Die gute Nachricht ist: Der Staat muss diese Aufgabe auch nicht alleine bewältigen. Ausgewählte und geeignete Projekte können vermehrt im Rahmen Öffentlich-Privater-Partnerschaften (ÖPP) realisiert werden. Dieses Modell hat sich international und auch kommunal bewährt. Es verschafft dem Staat die Möglichkeit, privates Kapital
zu nutzen und bietet Effizienz- und vor allem Zeitvorteile. Für Modernisierungsvorhaben ergeben sich einige Vorteile: ÖPPs eröffnen die Chance, Infrastrukturprojekte kostenminimierend und rentabel
über einen kompletten Lebenszyklus umzusetzen,
insbesondere auch dann, wenn die finanziellen Handlungsspielräume eine Ad-hoc-Finanzierung nicht erlauben. Unabdingbar bei der Umsetzung ist ein engmaschiges und genaues Controlling und eine exekutive, parlamentarische und öffentliche Kontrolle. Wichtig ist: Zu jedem Zeitpunkt muss sichergestellt sein, dass Risiken für Staat und Gesellschaft reduziert werden, beispielsweise durch die Vermeidung höherer Kosten, nicht ausgereifter Konzepte oder mangelnder Qualitätsstandards und Lebenszyklen. Wir wollen hierfür aufwachsend in den nächsten 10 Jahren jährlich 100 Mio. Euro zur Verfügung stellen. Somit ließe sich jedes Jahr ein zusätzliches Investitionsvolumen von einer Milliarde Euro generieren.

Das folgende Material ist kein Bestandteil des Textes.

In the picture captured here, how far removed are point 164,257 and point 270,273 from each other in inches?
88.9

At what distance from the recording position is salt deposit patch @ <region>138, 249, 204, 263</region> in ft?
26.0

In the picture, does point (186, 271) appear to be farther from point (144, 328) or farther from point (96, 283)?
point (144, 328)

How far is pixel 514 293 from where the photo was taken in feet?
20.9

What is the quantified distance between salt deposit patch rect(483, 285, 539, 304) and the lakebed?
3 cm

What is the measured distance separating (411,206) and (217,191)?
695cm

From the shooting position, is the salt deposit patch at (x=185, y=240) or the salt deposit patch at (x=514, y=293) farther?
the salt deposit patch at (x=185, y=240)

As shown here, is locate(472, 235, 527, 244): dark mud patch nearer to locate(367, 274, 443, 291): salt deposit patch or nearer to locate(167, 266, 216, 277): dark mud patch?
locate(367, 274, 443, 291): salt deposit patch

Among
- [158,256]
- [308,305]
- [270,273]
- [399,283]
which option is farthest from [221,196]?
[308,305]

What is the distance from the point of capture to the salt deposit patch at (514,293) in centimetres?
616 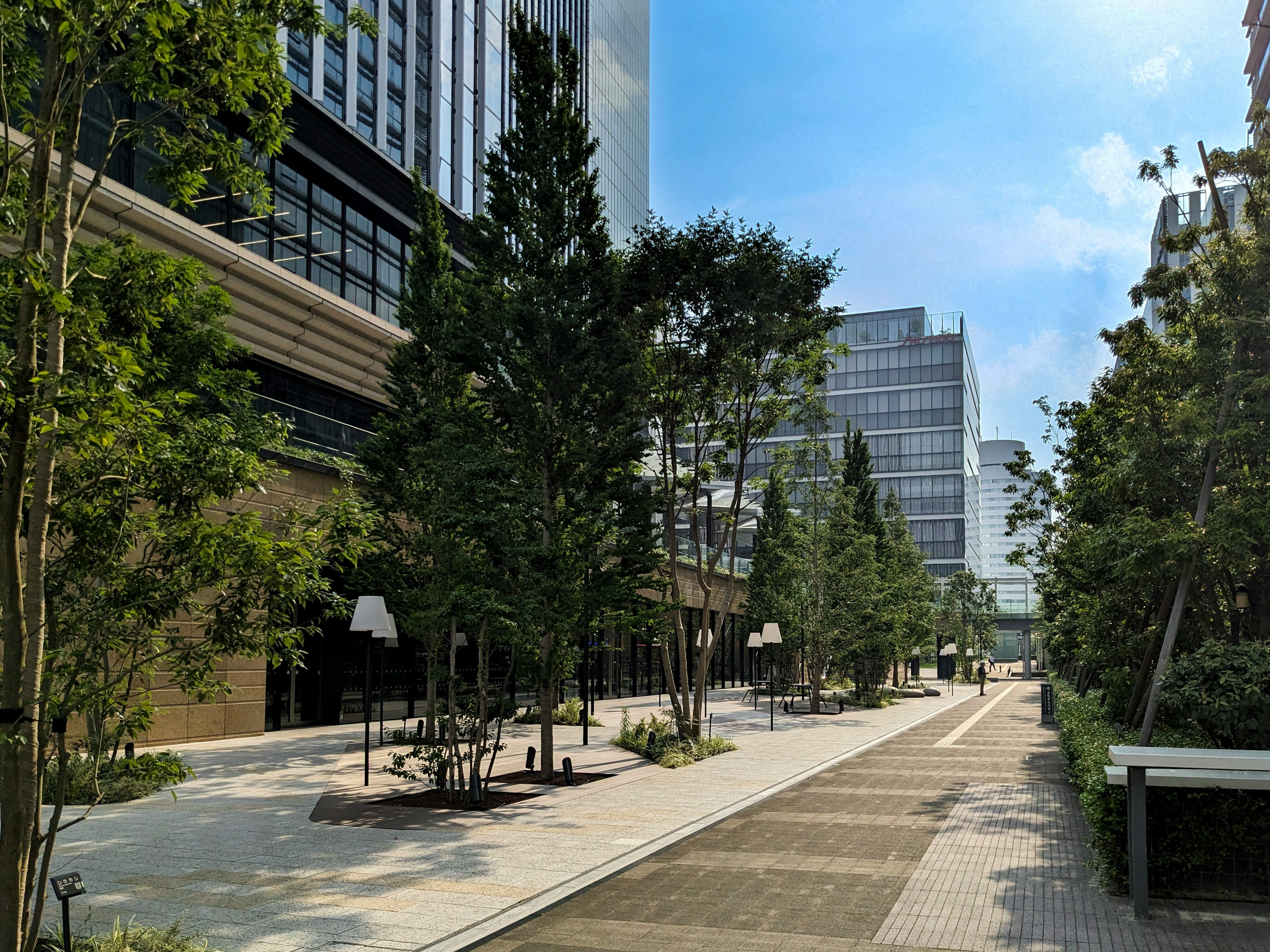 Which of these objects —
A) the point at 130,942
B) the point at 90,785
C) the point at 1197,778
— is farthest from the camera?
the point at 90,785

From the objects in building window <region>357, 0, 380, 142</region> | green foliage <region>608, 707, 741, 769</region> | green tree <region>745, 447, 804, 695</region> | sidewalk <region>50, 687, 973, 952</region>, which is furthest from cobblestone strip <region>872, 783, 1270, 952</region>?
building window <region>357, 0, 380, 142</region>

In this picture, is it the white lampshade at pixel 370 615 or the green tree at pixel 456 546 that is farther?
the white lampshade at pixel 370 615

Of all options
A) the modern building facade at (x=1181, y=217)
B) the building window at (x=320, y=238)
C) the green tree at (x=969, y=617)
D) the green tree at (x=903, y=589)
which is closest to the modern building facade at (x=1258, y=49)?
the modern building facade at (x=1181, y=217)

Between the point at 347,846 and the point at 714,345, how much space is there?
1373 centimetres

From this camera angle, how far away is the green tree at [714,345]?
72.6ft

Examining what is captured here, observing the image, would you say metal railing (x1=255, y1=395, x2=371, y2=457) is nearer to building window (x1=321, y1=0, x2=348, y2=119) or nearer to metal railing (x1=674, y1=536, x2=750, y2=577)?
metal railing (x1=674, y1=536, x2=750, y2=577)

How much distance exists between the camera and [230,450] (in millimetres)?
6547

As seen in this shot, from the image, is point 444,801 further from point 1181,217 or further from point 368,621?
point 1181,217

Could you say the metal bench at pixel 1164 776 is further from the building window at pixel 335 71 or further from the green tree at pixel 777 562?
the building window at pixel 335 71

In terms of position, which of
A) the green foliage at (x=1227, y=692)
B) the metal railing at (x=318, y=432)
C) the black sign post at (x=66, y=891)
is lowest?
the black sign post at (x=66, y=891)

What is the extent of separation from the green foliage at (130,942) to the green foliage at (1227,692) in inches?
351

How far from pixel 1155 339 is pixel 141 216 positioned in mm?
20126

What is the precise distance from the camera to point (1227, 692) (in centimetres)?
1002

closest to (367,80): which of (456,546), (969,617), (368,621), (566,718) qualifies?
(566,718) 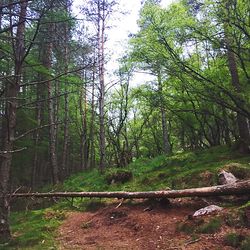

II. MODERNISIERUNGSDARLEHEN

Die NBank soll von einer klassischen Förderbank zu einer Investitionsagentur weiterentwickelt werden. Durch die Vergabe von Darlehen vom Kapitalmarkt mit Förderleistungen des Landes, die in Form von Zinsvergünstigungen, Tilgungsnachlässen oder Garantien fließen, lassen sich neue Handlungsfelder zum Beispiel in den Bereichen Krankenhausinvestitionen und Wohnraumförderung erschliessen. Auch nachhaltige Mobilität, der Aufbau der Ladeinfrastruktur oder Investitionen in die Digitalisierung der Wirtschaft könnten so miteinbezogen werden. Dadurch ließen sich die bisherigen Zuschussprogramme in ihrer Wirkung multiplizieren und somit ein höheres Volumen an Investitionen ermöglichen.

III. MODERNISIERUNGSFONDS

Neben diesen neu erschlossenen Finanzierungsmodellen muss der Staat aber auch selbst nachhaltig finanzieren. Hierfür sollte das bestehende Sondervermögen (Sondervermögen zur Nachholung von Investitionen durch energetische Sanierung und Infrastruktursanierung von Landesvermögen sowie zur Unterbringung von Flüchtlingen in landeseigenen Gebäuden) reaktiviert und überarbeitet werden sowie eine Umwidmung des Zwecks geschehen, der die Sanierung und Modernisierung aller Liegenschaften des Landes umfasst. Dieser Staatsfonds für Investitionen soll dann jährlich aus dem laufenden Haushalt mit einem Betrag von 100 Millionen Euro gespeist werden. Er soll Projekte ermöglichen, die sich nicht für die ÖPP-Realisierung eignen oder aus anderen Gründen vom Staat allein und eigenständig finanziert werden sollten. Neben der finanziellen Komponente muss das Land gleichermaßen sicherstellen, dass die Mittel auch abfließen und die Projekte unkompliziert und effizient umgesetzt werden
können - dies bedeutet insbesondere die Beschleunigung von Planungsverfahren. Für die Dekade der Investitionen stünden dem Land Niedersachsen somit eine Milliarde Euro aus dem eigenen Staatsfonds zur Modernisierung des Landes zur Verfügung.